**Task prompt**
Read through the listing below and return only the lines containing "Black".
::::
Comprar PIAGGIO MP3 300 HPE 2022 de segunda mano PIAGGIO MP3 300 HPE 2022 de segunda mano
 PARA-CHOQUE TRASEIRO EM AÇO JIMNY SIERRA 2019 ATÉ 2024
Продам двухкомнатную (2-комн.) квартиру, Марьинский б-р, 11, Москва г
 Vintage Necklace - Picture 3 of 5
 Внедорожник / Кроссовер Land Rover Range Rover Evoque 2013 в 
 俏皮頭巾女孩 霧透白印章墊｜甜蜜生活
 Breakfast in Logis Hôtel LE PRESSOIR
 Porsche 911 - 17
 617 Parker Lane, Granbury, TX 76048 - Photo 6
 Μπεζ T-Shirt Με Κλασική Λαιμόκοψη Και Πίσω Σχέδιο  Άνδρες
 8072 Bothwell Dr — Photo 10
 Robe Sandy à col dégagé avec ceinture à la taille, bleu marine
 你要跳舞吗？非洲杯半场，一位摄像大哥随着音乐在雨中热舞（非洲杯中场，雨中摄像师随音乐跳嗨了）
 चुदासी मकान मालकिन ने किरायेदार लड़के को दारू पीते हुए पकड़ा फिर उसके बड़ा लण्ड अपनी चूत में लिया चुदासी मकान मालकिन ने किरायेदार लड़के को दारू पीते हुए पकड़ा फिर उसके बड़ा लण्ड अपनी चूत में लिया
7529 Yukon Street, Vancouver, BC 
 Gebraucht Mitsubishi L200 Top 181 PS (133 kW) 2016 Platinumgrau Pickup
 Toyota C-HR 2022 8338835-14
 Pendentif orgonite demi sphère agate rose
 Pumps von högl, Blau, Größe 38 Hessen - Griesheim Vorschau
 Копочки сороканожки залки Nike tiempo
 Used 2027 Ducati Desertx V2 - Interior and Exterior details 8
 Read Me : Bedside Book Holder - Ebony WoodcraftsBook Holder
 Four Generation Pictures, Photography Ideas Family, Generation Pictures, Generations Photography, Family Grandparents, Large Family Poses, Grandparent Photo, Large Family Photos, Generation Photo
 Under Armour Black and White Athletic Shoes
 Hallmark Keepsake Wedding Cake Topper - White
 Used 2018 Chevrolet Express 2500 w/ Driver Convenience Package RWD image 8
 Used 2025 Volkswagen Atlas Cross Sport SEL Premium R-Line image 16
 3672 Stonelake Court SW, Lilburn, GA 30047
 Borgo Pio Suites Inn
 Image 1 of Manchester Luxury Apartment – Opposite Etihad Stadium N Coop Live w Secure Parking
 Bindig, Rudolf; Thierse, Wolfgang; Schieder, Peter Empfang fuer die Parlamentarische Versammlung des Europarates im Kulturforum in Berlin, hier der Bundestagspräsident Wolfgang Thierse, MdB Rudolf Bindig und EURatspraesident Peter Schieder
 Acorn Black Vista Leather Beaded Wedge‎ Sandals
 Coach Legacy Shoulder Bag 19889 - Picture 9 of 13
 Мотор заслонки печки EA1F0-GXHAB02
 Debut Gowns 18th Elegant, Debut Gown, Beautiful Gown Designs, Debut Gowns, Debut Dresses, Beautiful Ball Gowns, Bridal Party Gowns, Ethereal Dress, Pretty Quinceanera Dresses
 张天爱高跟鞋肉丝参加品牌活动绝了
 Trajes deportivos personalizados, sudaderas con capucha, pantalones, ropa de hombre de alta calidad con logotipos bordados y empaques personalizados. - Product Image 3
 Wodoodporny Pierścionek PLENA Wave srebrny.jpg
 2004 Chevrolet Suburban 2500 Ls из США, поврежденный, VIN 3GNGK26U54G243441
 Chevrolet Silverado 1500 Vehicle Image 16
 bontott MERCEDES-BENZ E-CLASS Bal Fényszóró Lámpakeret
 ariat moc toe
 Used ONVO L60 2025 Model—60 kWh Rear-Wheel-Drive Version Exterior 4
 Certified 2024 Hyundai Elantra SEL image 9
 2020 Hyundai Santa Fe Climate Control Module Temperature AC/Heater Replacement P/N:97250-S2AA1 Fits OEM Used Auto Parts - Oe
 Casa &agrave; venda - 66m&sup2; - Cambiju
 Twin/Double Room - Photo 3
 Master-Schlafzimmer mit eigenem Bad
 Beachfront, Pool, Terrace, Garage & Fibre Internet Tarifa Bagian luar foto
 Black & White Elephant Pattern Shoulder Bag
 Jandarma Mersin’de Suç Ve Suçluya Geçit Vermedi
::::
**Solved exercise**
 Under Armour Black and White Athletic Shoes
 Acorn Black Vista Leather Beaded Wedge‎ Sandals
 Black & White Elephant Pattern Shoulder Bag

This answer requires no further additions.